For \(i=1,...,k\), let \(P_i\) denote the path \(s\to v_i\to w_i\to t\). For \(i=2,...,k\), let \(Q_i\) denote the path \(s\to v_i\to w_{i-1}\to t\). Define \(Q_1\) to be the path \(s\to v_1\to t\) and \(Q_{k+1}\) the path \(s\to w_k\to t\). Routing one unit flow on each of \(P_1,...,P_k\) yields a Nash equilibrium for \((B^k,k,\ell^k)\) and routing one \(\frac{k}{k+1}\) unit of flow on each of \(Q_1,...,Q_{k+1}\) yields a Nash equilibrium for \((H,k,\ell^k)\) where \(H\) is the subgraph obtained from \(B^k\) by deleting the \(k\) type A edges. One can verify that the total latency of these two flows are \(k(k+1)\) and \(k\), respectively. Thus

\[\text{PoA}(B^k,k,\ell^k)=k+1=n/2. \]

Next, let's see an upper bound for Braess ratio. It shows that Braess ratio is maximized by the instances constructed in the previous theorem.

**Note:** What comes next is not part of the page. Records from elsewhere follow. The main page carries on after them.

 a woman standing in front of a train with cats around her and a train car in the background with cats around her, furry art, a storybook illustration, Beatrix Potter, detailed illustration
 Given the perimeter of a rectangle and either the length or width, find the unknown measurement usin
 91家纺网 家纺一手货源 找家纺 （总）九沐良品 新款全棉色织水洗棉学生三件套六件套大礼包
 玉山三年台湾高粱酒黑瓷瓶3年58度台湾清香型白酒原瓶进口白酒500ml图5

Let's begin with defining some combinatorial structure.

Let $f$ and $\tilde{f}$ be feasible flows for the instance $(G,r,c)$.

• An edge \(e\) of \(G\) is
  • \((f,\tilde{f})\)-light if \(f_{e} \leq \tilde{f}_{e}\) and \(\tilde{f}_{e} > 0\),
  • \((f,\tilde{f})\)-heavy if \(f_{e} > \tilde{f}_{e}\),
  • \((f,\tilde{f})\)-useless if \(f_{e} = \tilde{f}_{e} = 0\).
• An undirected path is \((f,\tilde{f})\)-alternating if it comprises only:
  • forward \((f,\tilde{f})\)-light edges and
  • backward \((f,\tilde{f})\)-heavy edges.

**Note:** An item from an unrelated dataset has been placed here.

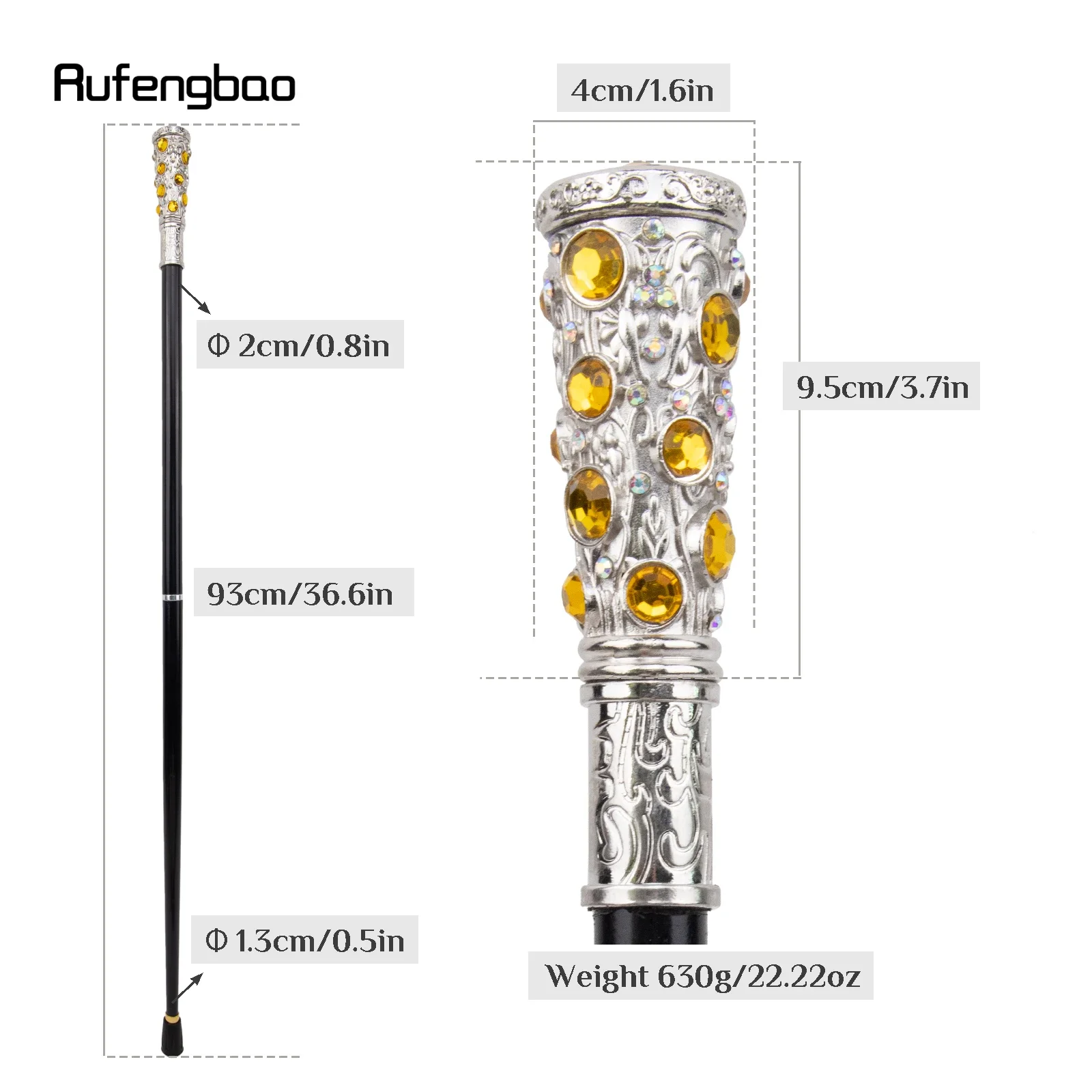 Bastone da passeggio con diamante artificiale bianco giallo Bastone da passeggio decorativo alla moda Gentiluomo Elegante pomello per canna cosplay Crosier 93 cm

Let $f$ and $\tilde{f}$ be flows feasible for the single-commodity instance $(G, r,\ell)$. Then, there is an $(f, \tilde{f})$-alternating $s$-$t$ path. Moreover, if $f$ is directed acyclic, then every such path begins and ends with an $(f, \tilde{f})$-light edge.

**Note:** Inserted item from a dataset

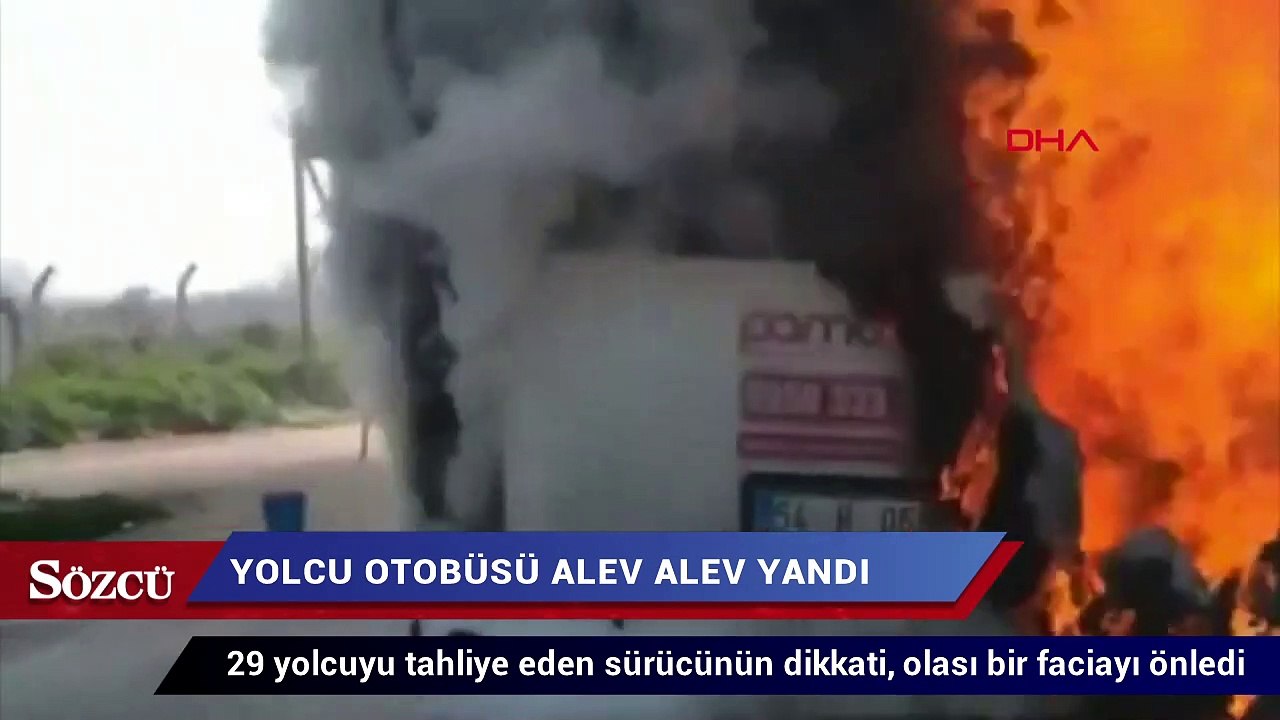 Yolcu otobüsü alev aldı, sürücü faciayı önledi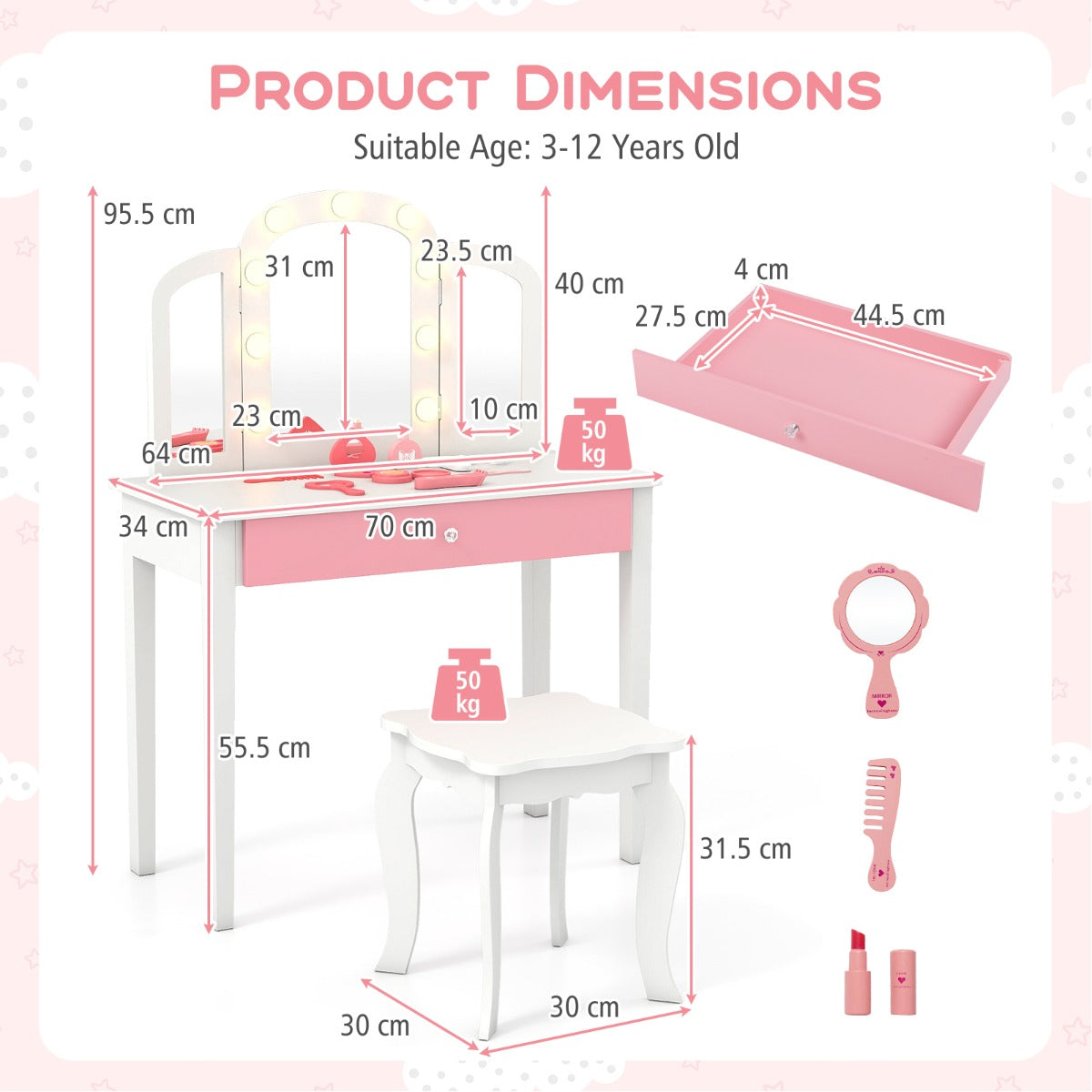 Livsk costway kinderschminktafel set 2 in 1 prinsessen make up schminktafel met afneembare spiegel wit 1 1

Assume that there is no $(f, \tilde{f})$-alternating $s$-$t$ path and let $S$ denote the set of nodes reachable from $s$ via such paths. Then $S$ is an $s$-$t$ cut, the flow that $f$ and $\tilde{f}$ exiting $S$ is exactly $r$.

Since vertices in \(S\) can be reached from \(s\) via \((f, \tilde{f})\)-alternating paths and vertices outside \(S\) cannot, edges that exit \(S\) cannot be \((f, \tilde{f})\)-light, and edges that enter \(S\) cannot be \((f, \tilde{f})\)-heavy. Since the flow across \(S\) is positive (assuming \(r > 0\)), some non-useless (and thus heavy) edge exits \(S\). Taken together, these facts imply that \(f\) exiting \(S\) is strictly greater than \(\tilde{f}\) exiting \(S\), which leads to contradiction.

Moreover, if \(f\) is directed acyclic, then it sends no flow into \(s\) or out of \(t\). Thus, the first and last edges of every \((f, \tilde{f})\)-alternating \(s\)-\(t\) path must be \((f, \tilde{f})\)-light.

Let $(G,r,\ell)$ be a single-commodity instance and $S$ a subset of the edges of $G$. The set $S$ is sparse if no two edges of $S$ share an endpoint, and in addition no edge of $S$ is incident to $s$ or $t$.

In other words, a sparse edge set is a matching of $V\setminus\{s,t\}$.

The following theorem provides a general upper bound for Braess ratio with respect to the size of sparse edge sets in the network.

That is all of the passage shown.